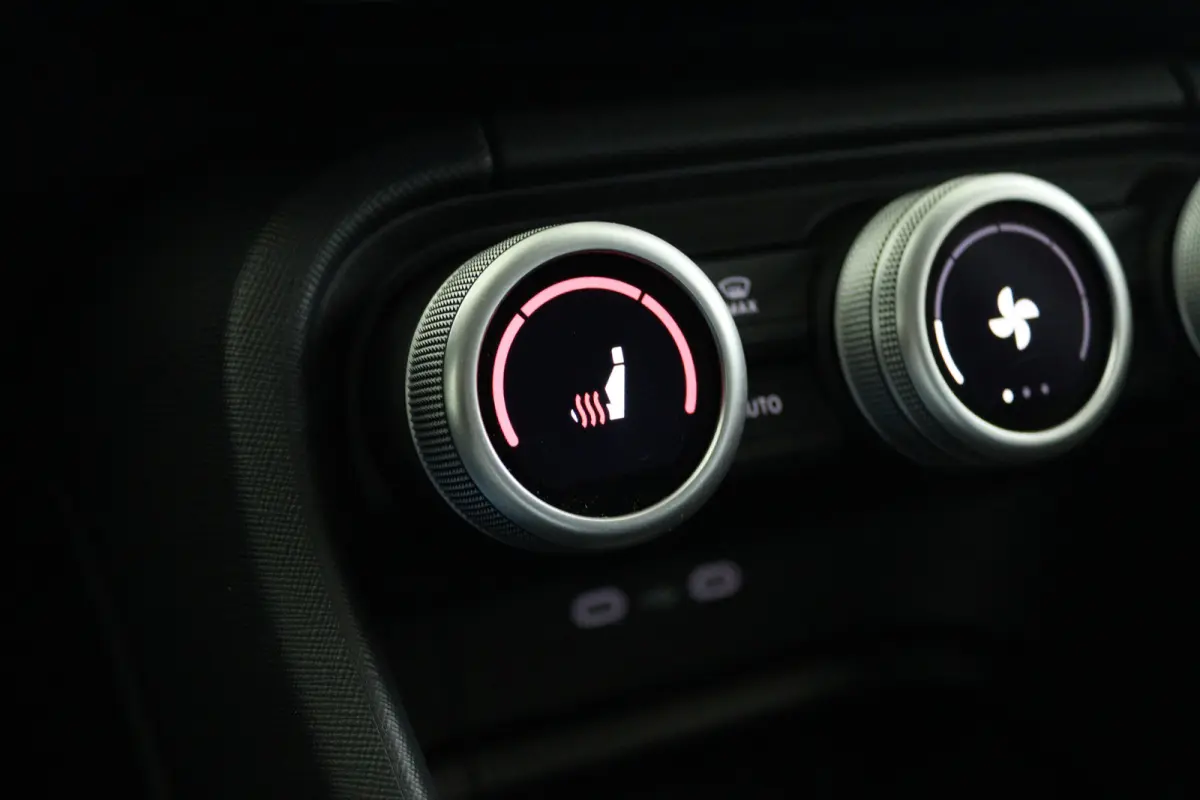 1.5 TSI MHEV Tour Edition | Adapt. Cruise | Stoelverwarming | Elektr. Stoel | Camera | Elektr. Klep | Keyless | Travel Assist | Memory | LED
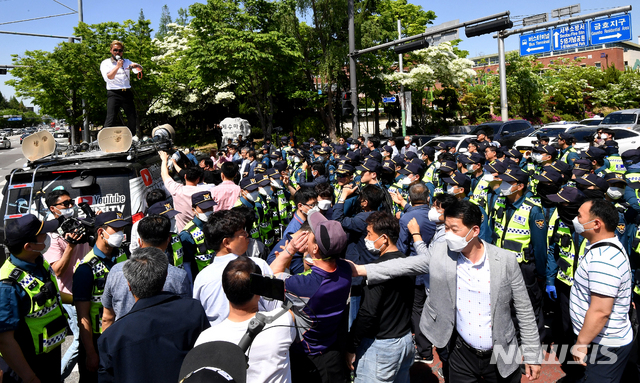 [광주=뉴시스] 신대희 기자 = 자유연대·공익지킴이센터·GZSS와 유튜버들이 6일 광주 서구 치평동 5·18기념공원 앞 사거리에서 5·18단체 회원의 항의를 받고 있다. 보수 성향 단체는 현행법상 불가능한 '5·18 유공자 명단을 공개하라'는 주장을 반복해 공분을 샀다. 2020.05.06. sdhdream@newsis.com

* * *

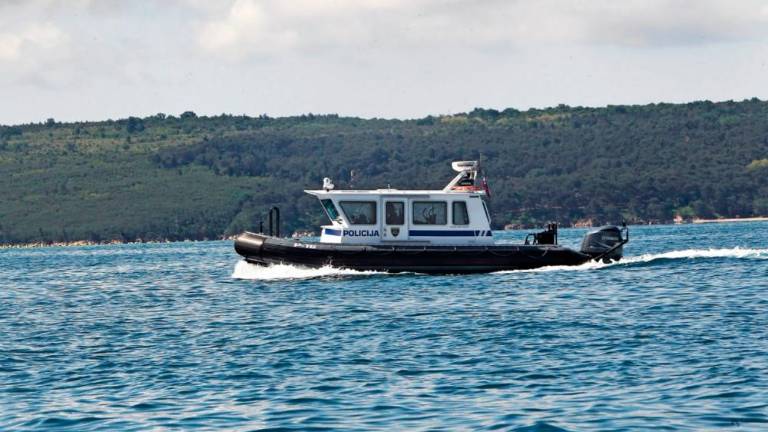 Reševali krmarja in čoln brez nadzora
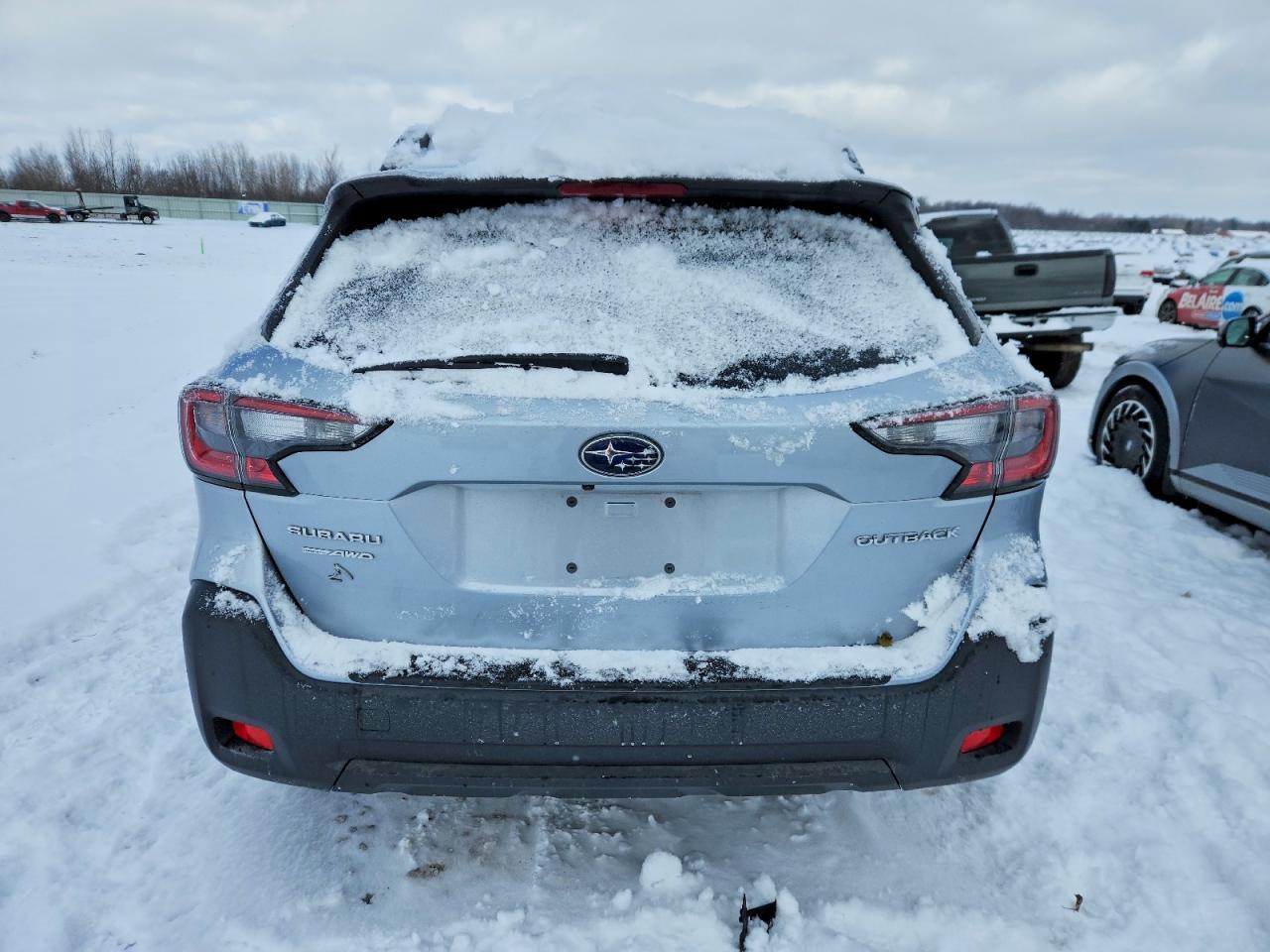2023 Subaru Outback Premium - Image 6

Problem to work on >>
Within the material above, find the part that opens with the line containing "1.5 TSI MHEV" and closes with the line containing "[광주=뉴시스] 신대희 기자", and reproduce it exactly without the pictures.

Solved problem >>
 1.5 TSI MHEV Tour Edition | Adapt. Cruise | Stoelverwarming | Elektr. Stoel | Camera | Elektr. Klep | Keyless | Travel Assist | Memory | LED
 [광주=뉴시스] 신대희 기자 = 자유연대·공익지킴이센터·GZSS와 유튜버들이 6일 광주 서구 치평동 5·18기념공원 앞 사거리에서 5·18단체 회원의 항의를 받고 있다. 보수 성향 단체는 현행법상 불가능한 '5·18 유공자 명단을 공개하라'는 주장을 반복해 공분을 샀다. 2020.05.06. sdhdream@newsis.com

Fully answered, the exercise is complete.